Я не колеблясь подписала договор на «Сексуальную жизнь», но поскольку в силу занятости не могла приступить к работе немедленно, то провела несколько недель в замешательстве, чувствуя себя такой же растерянной, как и тридцать пять лет назад. Я склонна была полагать, что мой сюжет требует особой формы выражения: так повар, имеющий в распоряжении необычные ингредиенты, должен придумывать новые рецепты. Но каким образом и с чего я должна была начинать?
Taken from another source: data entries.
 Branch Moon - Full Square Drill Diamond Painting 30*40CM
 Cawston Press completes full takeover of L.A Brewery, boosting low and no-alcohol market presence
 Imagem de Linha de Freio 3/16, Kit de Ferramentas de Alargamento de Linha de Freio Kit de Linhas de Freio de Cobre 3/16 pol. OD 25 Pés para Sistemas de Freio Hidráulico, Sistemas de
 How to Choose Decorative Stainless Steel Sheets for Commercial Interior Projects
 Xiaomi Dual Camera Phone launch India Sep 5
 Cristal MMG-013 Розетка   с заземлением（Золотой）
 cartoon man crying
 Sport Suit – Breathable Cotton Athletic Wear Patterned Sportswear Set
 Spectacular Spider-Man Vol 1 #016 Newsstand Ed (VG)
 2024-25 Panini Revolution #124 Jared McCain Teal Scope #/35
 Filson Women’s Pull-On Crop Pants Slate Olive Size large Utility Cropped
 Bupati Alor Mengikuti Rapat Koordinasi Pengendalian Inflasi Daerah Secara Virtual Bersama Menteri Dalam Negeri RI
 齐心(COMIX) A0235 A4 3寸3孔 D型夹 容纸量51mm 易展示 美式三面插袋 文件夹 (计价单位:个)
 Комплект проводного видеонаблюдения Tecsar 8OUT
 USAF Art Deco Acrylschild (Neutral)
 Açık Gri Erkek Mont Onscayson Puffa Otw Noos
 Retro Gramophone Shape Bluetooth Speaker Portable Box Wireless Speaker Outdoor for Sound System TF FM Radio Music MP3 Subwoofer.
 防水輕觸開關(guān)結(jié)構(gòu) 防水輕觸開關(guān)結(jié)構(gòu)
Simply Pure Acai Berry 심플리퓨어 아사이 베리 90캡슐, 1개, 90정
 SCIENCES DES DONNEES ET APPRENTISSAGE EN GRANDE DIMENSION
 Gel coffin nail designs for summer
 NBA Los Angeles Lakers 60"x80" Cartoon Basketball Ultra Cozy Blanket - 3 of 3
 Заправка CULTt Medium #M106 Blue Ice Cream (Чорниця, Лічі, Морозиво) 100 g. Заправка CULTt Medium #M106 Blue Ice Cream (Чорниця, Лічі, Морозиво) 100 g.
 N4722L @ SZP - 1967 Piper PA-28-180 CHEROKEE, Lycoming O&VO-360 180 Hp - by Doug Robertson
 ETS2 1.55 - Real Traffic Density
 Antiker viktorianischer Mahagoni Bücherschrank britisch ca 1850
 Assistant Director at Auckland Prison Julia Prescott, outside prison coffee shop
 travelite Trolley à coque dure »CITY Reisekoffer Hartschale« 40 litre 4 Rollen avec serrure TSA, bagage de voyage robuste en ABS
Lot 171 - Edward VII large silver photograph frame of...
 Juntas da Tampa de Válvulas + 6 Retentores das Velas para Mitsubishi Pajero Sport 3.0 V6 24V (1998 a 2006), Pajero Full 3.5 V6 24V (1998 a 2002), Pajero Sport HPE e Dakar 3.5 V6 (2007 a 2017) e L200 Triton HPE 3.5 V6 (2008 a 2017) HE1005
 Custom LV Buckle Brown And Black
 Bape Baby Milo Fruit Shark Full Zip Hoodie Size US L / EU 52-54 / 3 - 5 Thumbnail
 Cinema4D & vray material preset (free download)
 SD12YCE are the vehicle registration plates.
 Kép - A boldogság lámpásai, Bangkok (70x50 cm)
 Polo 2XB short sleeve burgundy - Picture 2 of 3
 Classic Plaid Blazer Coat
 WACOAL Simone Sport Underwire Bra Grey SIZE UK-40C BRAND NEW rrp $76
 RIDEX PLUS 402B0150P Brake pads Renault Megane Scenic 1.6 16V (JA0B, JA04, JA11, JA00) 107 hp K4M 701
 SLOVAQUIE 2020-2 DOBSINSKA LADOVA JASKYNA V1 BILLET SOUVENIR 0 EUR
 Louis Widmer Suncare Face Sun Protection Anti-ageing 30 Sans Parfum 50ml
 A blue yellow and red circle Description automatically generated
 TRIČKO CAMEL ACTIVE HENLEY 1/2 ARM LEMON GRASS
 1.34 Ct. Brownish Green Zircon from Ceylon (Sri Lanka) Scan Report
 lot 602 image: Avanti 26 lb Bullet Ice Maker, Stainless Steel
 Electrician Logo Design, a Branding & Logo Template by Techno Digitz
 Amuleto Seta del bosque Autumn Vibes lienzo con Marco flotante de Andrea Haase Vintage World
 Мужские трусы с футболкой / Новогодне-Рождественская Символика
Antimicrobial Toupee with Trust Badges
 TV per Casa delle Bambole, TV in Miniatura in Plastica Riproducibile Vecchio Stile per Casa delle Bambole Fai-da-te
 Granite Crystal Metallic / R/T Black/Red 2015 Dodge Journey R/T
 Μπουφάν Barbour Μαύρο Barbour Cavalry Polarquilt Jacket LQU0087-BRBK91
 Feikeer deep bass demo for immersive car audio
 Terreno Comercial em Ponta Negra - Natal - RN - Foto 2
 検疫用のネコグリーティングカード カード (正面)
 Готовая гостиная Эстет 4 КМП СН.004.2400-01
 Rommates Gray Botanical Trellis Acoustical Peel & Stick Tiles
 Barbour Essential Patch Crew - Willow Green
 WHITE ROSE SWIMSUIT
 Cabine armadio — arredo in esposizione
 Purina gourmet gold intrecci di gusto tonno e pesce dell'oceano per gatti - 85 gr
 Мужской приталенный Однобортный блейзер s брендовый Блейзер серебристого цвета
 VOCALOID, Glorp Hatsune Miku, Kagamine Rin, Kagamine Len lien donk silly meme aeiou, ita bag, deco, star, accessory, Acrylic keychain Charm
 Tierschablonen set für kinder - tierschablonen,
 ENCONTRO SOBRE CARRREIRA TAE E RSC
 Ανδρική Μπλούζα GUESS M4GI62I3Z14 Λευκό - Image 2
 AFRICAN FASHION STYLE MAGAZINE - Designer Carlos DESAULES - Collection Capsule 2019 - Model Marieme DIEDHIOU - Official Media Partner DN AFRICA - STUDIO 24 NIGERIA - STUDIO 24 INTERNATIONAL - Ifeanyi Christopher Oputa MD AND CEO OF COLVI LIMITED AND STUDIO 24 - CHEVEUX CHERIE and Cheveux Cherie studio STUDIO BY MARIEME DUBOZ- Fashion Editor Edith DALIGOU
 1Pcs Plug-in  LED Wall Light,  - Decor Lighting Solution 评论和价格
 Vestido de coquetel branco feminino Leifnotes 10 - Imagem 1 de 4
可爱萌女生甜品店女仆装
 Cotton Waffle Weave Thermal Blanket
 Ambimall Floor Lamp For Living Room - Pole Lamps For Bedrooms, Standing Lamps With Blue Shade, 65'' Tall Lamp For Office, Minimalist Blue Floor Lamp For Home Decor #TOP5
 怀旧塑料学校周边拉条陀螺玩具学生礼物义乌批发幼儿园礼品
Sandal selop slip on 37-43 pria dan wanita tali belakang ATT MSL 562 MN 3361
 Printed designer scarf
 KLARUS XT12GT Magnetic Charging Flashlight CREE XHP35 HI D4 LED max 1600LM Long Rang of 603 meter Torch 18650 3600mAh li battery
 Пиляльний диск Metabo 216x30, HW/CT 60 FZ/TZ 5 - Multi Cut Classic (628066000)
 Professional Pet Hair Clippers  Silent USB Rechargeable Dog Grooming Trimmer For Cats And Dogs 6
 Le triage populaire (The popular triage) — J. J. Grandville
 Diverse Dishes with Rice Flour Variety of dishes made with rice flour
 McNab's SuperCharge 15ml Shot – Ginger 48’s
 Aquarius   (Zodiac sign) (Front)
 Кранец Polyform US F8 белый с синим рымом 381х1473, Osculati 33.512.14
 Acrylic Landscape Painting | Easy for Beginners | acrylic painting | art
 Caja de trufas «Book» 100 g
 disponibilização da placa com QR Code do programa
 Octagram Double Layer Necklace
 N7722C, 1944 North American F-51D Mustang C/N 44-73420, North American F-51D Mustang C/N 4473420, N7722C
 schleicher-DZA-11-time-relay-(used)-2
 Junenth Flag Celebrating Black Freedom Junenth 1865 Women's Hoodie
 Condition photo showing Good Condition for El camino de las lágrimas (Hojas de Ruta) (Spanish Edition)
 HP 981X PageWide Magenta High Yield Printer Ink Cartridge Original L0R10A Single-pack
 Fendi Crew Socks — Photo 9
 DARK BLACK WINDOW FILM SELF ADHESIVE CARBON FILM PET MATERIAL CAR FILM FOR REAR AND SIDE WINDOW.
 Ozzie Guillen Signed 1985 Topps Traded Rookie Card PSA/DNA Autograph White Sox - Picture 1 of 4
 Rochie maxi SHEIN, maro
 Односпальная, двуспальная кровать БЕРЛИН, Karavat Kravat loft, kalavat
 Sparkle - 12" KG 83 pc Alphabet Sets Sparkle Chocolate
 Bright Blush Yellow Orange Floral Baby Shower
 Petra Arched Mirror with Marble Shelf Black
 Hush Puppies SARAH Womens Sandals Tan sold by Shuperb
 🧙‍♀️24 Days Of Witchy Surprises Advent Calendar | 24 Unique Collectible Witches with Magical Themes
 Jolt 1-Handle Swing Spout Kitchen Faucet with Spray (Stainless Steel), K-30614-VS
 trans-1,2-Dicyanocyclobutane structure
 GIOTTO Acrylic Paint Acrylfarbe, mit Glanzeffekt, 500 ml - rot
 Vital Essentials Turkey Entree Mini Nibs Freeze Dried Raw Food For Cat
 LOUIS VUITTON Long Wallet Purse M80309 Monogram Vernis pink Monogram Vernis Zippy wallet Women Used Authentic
Решение пришло как-то в весенний полдень, в пространстве, ограниченном небом и песком. Мы пошли прогуляться по пляжу, частично защищенному скалой, где обычно прятались от сильного ветра. В тот день там было безлюдно, и поскольку жара еще не наступила, воздух казался прозрачнее, чем летом. Я полностью открываю душу в разговорах во время прогулок, меня раскрепощают открытые пространства. Наши идеи в чем-то подобны платяным шкафам: их нужно периодически проветривать, в прямом смысле слова. Я созерцаю панораму, или не отрываю глаз от горизонта, или, попросту говоря, смотрю себе под ноги на опасных горных тропинках. Я не вижу своего собеседника, а только чувствую его присутствие, причем тем более остро, что в моем восприятии он не вписывается в пейзаж. Я ускользаю от взора, способного судить меня, и лишь ощущаю ободряющую близость. В тот момент мы остановились передохнуть. Я села на песок и, не переставая говорить, оставляла на нем отпечатки своих ладоней. За спиной у меня находилась скала, на вершину которой я уже много лет не хотела подниматься. Ведущая в гору тропинка и поросшая деревьями площадка наверху, где находился прожектор, тоже входили в маршрут прогулки. Но я больше не хотела следовать ему, после того как прочитала в дневниках Жака, что он совершал туда эротические вылазки с одной из своих девиц, и это меня оскорбило — местность там открытая, а потому, когда мы гуляли вместе, то отказывались от подобных эскапад. Какова же должна быть сила желания, если она толкнула Жака на большее безрассудство, чем то, что он проявлял со мной? Если мы вдвоем вернемся в это место, где кружится голова и будоражат чувства, то воспоминания, которые нахлынут на него, не будут для нас общими, и наверняка мне придется спасаться бегством.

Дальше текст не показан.